International Monetary Fund Managing Director Kristalina Georgieva said that the agency is “working hard on a concept of global infrastructure” to make sure there is interoperability of settlements between digital currencies that are issued by national central banks, according to Bloomberg News.
“We are working on a principle of interoperability,” she said. That concept would involve a shared infrastructure that would avoid the emergence of “settlement blocks,” which is the “last thing we want” to avoid further economic fragmentation, Georgieva said at a conference in Morocco.
Georgieva has been managing director of the IMF since 2019 and was previously the CEO of the World Bank.
So far 11 countries have launched a central bank digital currency and all G7 economies have moved into the development stage of a CBDC, according to the Atlantic Council.

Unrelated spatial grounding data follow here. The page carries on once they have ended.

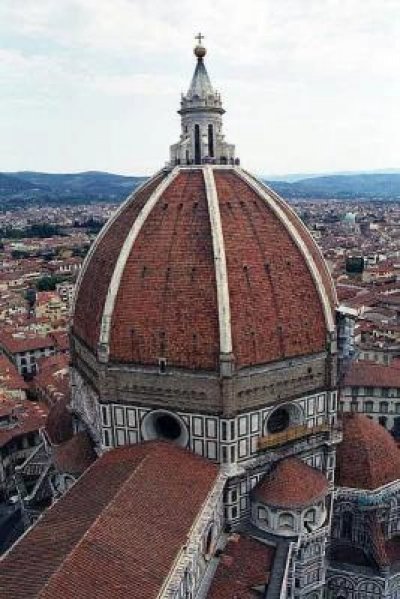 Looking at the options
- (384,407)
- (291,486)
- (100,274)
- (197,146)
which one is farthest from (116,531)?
(384,407)

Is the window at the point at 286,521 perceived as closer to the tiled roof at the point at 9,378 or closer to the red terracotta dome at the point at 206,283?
the red terracotta dome at the point at 206,283

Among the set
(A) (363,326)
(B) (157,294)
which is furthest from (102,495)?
(A) (363,326)

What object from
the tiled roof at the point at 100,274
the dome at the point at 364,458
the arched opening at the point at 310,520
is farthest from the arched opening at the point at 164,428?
the dome at the point at 364,458

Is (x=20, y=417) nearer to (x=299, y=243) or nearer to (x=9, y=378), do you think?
(x=9, y=378)

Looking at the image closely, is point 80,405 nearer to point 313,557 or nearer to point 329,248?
point 313,557

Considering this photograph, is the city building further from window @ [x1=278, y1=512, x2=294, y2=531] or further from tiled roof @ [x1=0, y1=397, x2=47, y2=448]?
tiled roof @ [x1=0, y1=397, x2=47, y2=448] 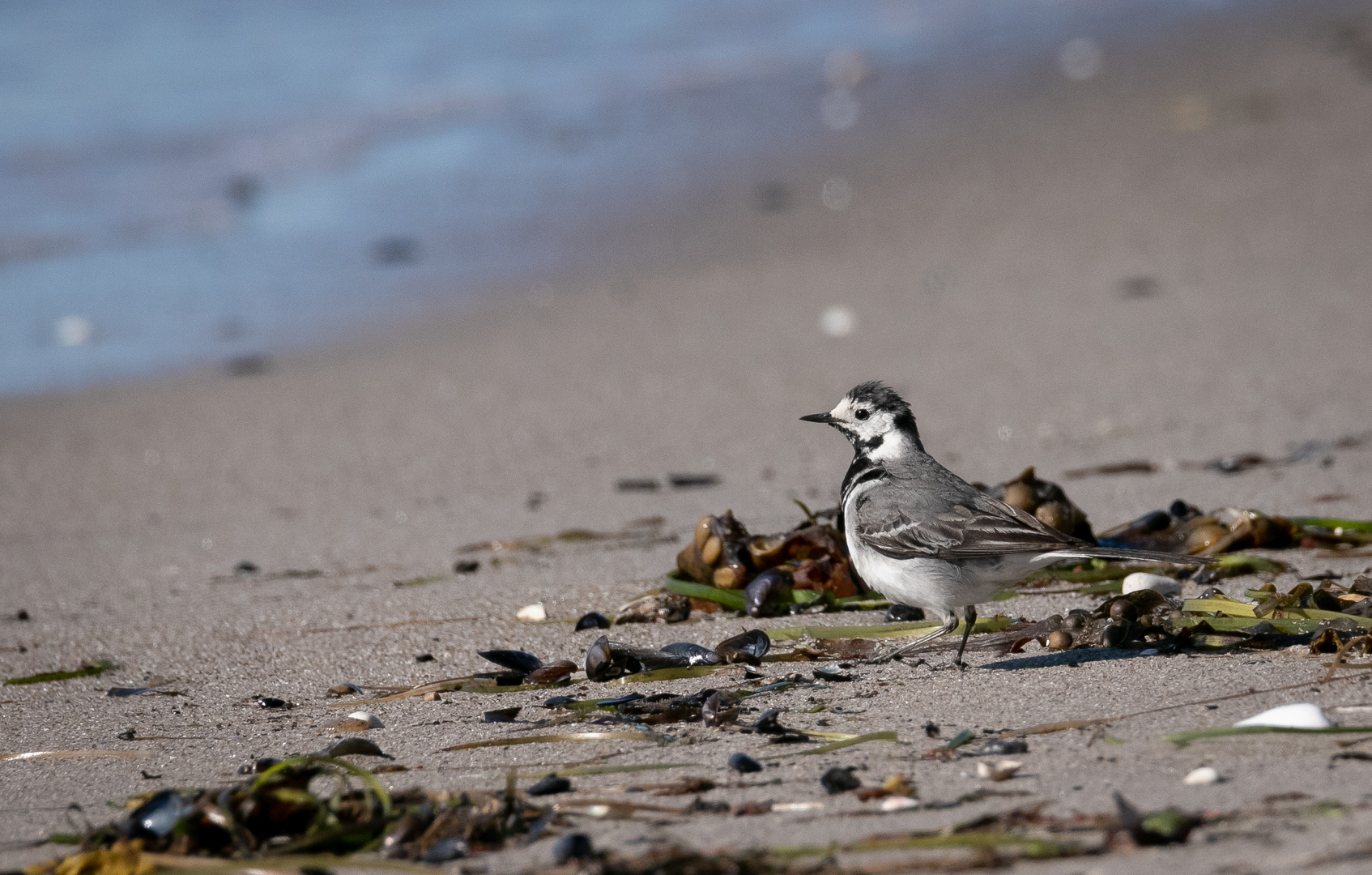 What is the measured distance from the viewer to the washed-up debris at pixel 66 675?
198 inches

Now 114 countries, representing over 95 percent of global gross domestic product, are exploring a CBDC, when in May 2020, only 35 countries were considering it, the council said.
Advocates for a CBDC say they can provide better financial services to their citizens, while critics warn that CBDCs could violate privacy.
The US is looking into the creation of a CBDC, but a US Treasury official said last week that the agency is looking into privacy behind a CBDC.
A retail CBDC has pros and cons, said Graham Steele, assistant secretary for financial institutions at US Treasury, on Tuesday at the Transform Payments US 2023 Conference in Texas.
One challenge of a retail CBDC could be privacy, Steele said.
Some lawmakers have staunchly opposed a CBDC due to privacy concerns.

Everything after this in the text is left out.